### YOUR ASSIGNMENT
Give back an exact copy of the lines in the records below, from the line that has "Bongacams Adult Webcam of MyrleHenggeler" through the line that has "Thumbnail: 2025 Hyundai Palisade - 12", and nothing besides.

### THE DATA

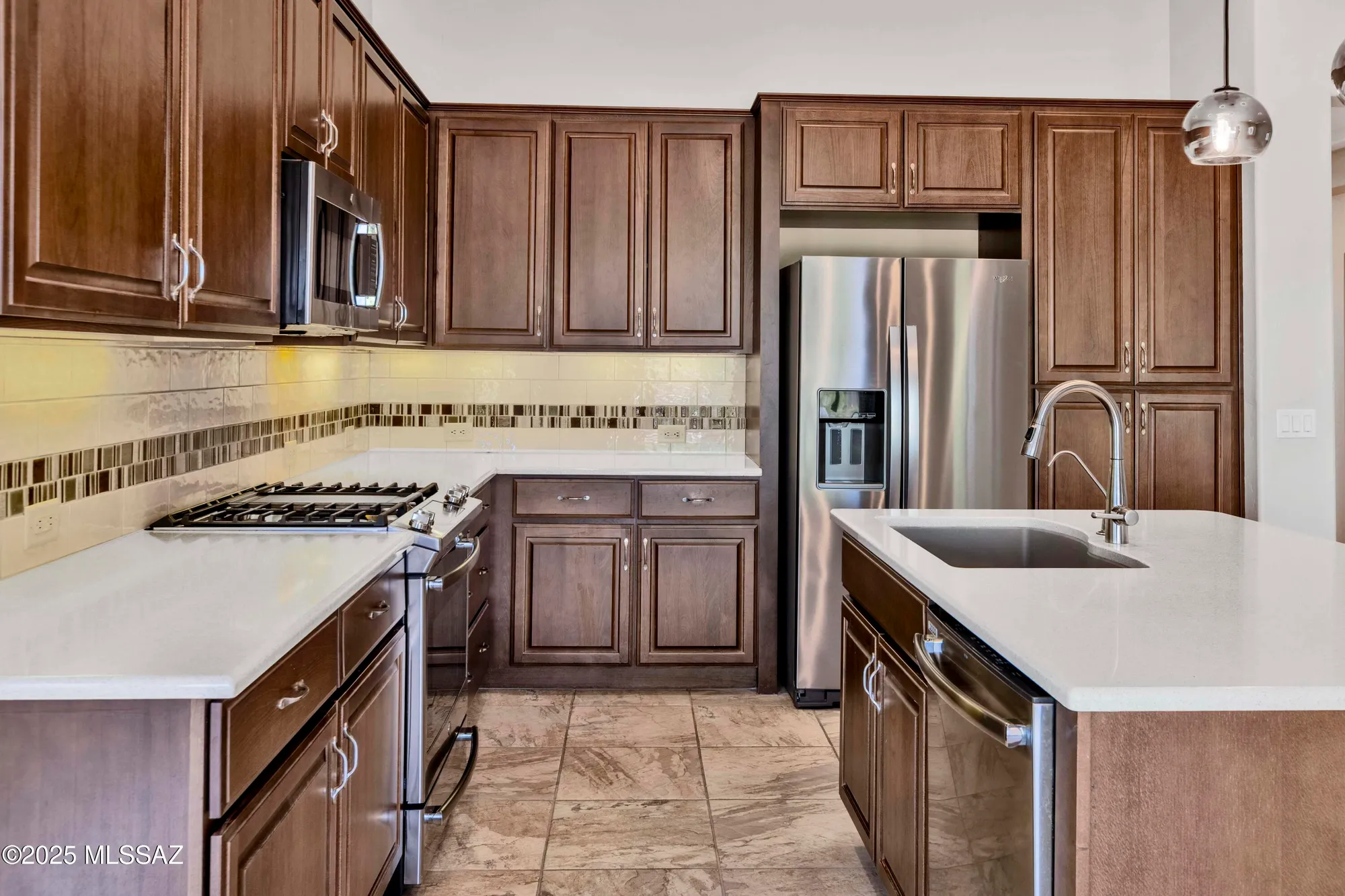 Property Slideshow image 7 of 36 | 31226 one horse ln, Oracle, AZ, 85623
* * *
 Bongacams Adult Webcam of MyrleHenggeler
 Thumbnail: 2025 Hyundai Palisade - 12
* * *
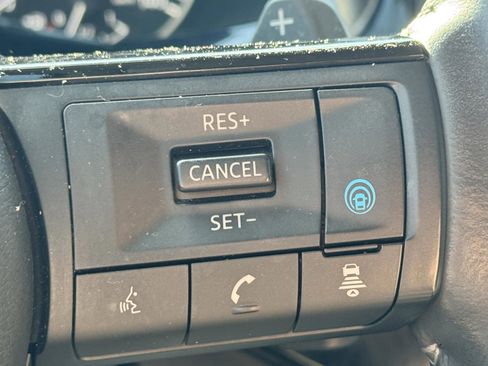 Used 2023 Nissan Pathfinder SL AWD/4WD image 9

### TASK SOLUTION
 Bongacams Adult Webcam of MyrleHenggeler
 Thumbnail: 2025 Hyundai Palisade - 12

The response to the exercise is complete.